One historically-homophobic arena that recently went through a significant shift in its attitude toward the LGBT community is the military. Throughout much of American history, gay men and women were explicitly banned from serving in the armed forces because it was believed that their presence would "create an unacceptable risk to the high standards of morale, good order and discipline, and unit cohesion that are the essence of military capability." In 1993, the federal government reached a compromise and passed "Don't Ask, Don't Tell." The new policy outlawed discrimination against service members who kept details of their sexual orientation private; however, openly-gay citizens were still barred from serving in the military. Although its passage was a step in the right direction, critics argued that "Don't Ask, Don't Tell" did not go far enough. One of the most notable victories gay rights advocates have won in recent years is the repeal of the policy.

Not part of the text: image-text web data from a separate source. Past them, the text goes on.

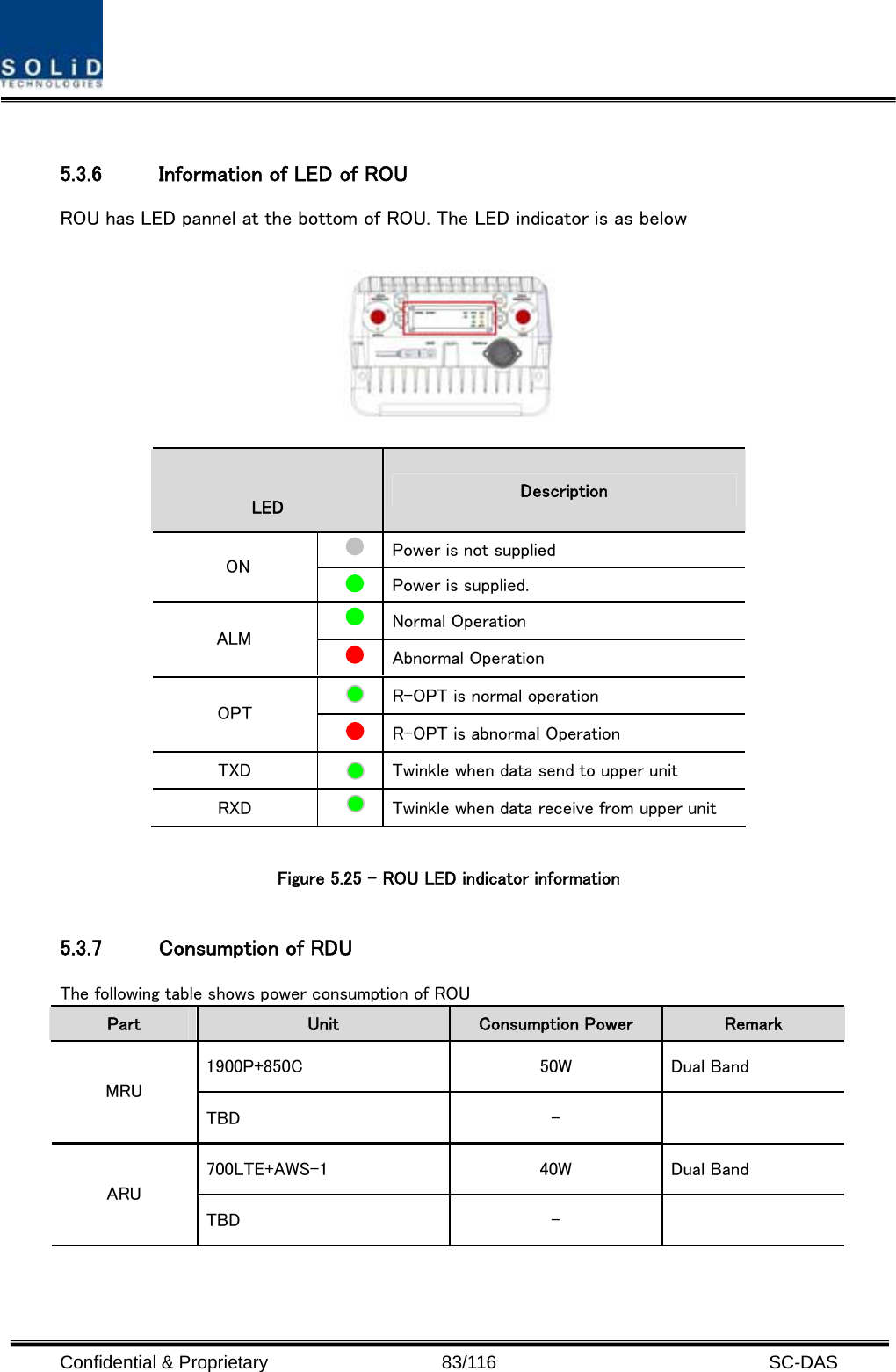  Confidential &amp; Proprietary                   83/116   SC-DAS  5.3.6 Information of LED of ROU ROU has LED pannel at the bottom of ROU. The LED indicator is as below                Figure 5.25 – ROU LED indicator information  5.3.7 Consumption of RDU The following table shows power consumption of ROU Part  Unit  Consumption Power  Remark 1900P+850C  50W  Dual Band MRU TBD  -   700LTE+AWS-1  40W  Dual Band ARU TBD  -     LED  Description   Power is not supplied ON   Power is supplied.   Normal Operation ALM   Abnormal Operation  R-OPT is normal operation OPT  R-OPT is abnormal Operation TXD   Twinkle when data send to upper unit RXD   Twinkle when data receive from upper unit 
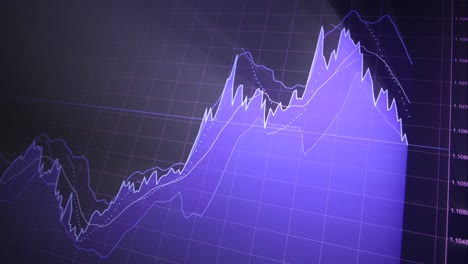 antecedentes del gráfico de divisas y acciones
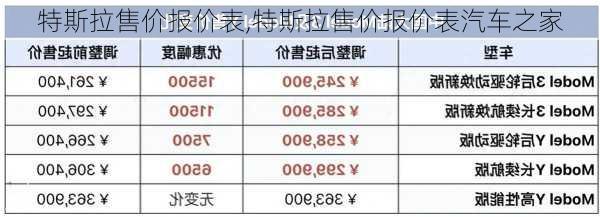 特斯拉售价报价表,特斯拉售价报价表汽车之家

Though gay and lesbian athletes are not barred by law from participating in pro-sports leagues, the sports industry is at a similar crossroads. There is not a single openly-gay active athlete in the NFL, NBA, NHL or MLB. "The sports world is the last closet in America," writes Ayanbadejo. Some athletes have talked about their discomfort with the idea of having gay teammates. Ayanbadejo hopes to encourage professional athletes who might be hiding their sexual orientation to open up about it, and wants them to know that they will be respected, supported and valued no matter what. After his team's win over the New England Patriots in the AFC Championship game, the Ravens linebacker rushed to reach out to prominent gay rights advocates to learn how he could use the oncoming media exposure to help the cause.
Brendon Ayanbadejo joined The Cycle to discuss his work. When asked why he is so passionate about gay rights, Ayanbadejo said he knows what facing discrimination feels like. To him, it isn't about gay rights, but human rights. "It's something we need to take care of, and it's going to take people like myself," he said. While he's been the target of criticism and jeers from fellow NFL players, Ayanbadejo still hopes to spark conversations that lead to greater acceptance.
Ayanbadejo serves as an ambassador for Athlete Ally, an organization committed to encouraging everyone involved in sports to respect all members of their communities, regardless of sexual orientation and gender identification. Meanwhile, he hopes his Super Bowl championship will provide him with a bigger platform to spread his message.